Recorded information:

━━━

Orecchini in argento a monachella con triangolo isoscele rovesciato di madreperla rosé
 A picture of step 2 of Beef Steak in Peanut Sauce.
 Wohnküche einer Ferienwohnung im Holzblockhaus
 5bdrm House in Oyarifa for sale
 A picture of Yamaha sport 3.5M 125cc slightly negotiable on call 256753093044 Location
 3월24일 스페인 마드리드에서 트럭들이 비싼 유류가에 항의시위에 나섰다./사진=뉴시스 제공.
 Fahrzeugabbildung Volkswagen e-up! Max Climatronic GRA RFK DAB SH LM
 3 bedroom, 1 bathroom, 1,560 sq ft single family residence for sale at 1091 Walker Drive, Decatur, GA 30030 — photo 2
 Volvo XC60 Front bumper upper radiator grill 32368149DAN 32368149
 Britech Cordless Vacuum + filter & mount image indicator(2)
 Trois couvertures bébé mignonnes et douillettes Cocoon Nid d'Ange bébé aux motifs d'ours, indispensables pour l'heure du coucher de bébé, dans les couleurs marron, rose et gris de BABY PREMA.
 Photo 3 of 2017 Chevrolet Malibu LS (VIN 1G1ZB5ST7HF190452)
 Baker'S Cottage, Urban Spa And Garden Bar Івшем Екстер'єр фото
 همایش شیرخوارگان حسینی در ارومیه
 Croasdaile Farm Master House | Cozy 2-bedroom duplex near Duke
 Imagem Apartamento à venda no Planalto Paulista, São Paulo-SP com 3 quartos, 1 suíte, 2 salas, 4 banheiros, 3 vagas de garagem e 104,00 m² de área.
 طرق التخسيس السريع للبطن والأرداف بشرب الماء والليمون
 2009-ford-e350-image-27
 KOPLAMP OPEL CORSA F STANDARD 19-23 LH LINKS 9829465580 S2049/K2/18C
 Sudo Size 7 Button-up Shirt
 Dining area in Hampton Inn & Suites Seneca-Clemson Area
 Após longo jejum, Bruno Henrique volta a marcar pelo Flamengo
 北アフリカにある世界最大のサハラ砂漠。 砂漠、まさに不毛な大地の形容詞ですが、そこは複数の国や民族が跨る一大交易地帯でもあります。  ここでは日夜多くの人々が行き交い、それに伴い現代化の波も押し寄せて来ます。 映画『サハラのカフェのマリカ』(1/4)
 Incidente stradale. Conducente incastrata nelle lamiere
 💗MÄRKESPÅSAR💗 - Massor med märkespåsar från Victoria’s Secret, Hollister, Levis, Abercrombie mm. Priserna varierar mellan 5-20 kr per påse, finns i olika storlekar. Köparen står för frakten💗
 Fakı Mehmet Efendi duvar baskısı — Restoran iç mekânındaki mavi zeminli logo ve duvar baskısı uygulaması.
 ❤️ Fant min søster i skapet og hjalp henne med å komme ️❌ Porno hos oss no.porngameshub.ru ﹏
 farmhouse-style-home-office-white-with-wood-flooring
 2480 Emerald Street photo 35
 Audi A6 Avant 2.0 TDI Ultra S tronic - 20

━━━

Description of the task: Would you copy each line of the data exactly as it appears above?

Expected answer:
Orecchini in argento a monachella con triangolo isoscele rovesciato di madreperla rosé
 A picture of step 2 of Beef Steak in Peanut Sauce.
 Wohnküche einer Ferienwohnung im Holzblockhaus
 5bdrm House in Oyarifa for sale
 A picture of Yamaha sport 3.5M 125cc slightly negotiable on call 256753093044 Location
 3월24일 스페인 마드리드에서 트럭들이 비싼 유류가에 항의시위에 나섰다./사진=뉴시스 제공.
 Fahrzeugabbildung Volkswagen e-up! Max Climatronic GRA RFK DAB SH LM
 3 bedroom, 1 bathroom, 1,560 sq ft single family residence for sale at 1091 Walker Drive, Decatur, GA 30030 — photo 2
 Volvo XC60 Front bumper upper radiator grill 32368149DAN 32368149
 Britech Cordless Vacuum + filter & mount image indicator(2)
 Trois couvertures bébé mignonnes et douillettes Cocoon Nid d'Ange bébé aux motifs d'ours, indispensables pour l'heure du coucher de bébé, dans les couleurs marron, rose et gris de BABY PREMA.
 Photo 3 of 2017 Chevrolet Malibu LS (VIN 1G1ZB5ST7HF190452)
 Baker'S Cottage, Urban Spa And Garden Bar Івшем Екстер'єр фото
 همایش شیرخوارگان حسینی در ارومیه
 Croasdaile Farm Master House | Cozy 2-bedroom duplex near Duke
 Imagem Apartamento à venda no Planalto Paulista, São Paulo-SP com 3 quartos, 1 suíte, 2 salas, 4 banheiros, 3 vagas de garagem e 104,00 m² de área.
 طرق التخسيس السريع للبطن والأرداف بشرب الماء والليمون
 2009-ford-e350-image-27
 KOPLAMP OPEL CORSA F STANDARD 19-23 LH LINKS 9829465580 S2049/K2/18C
 Sudo Size 7 Button-up Shirt
 Dining area in Hampton Inn & Suites Seneca-Clemson Area
 Após longo jejum, Bruno Henrique volta a marcar pelo Flamengo
 北アフリカにある世界最大のサハラ砂漠。 砂漠、まさに不毛な大地の形容詞ですが、そこは複数の国や民族が跨る一大交易地帯でもあります。  ここでは日夜多くの人々が行き交い、それに伴い現代化の波も押し寄せて来ます。 映画『サハラのカフェのマリカ』(1/4)
 Incidente stradale. Conducente incastrata nelle lamiere
 💗MÄRKESPÅSAR💗 - Massor med märkespåsar från Victoria’s Secret, Hollister, Levis, Abercrombie mm. Priserna varierar mellan 5-20 kr per påse, finns i olika storlekar. Köparen står för frakten💗
 Fakı Mehmet Efendi duvar baskısı — Restoran iç mekânındaki mavi zeminli logo ve duvar baskısı uygulaması.
 ❤️ Fant min søster i skapet og hjalp henne med å komme ️❌ Porno hos oss no.porngameshub.ru ﹏
 farmhouse-style-home-office-white-with-wood-flooring
 2480 Emerald Street photo 35
 Audi A6 Avant 2.0 TDI Ultra S tronic - 20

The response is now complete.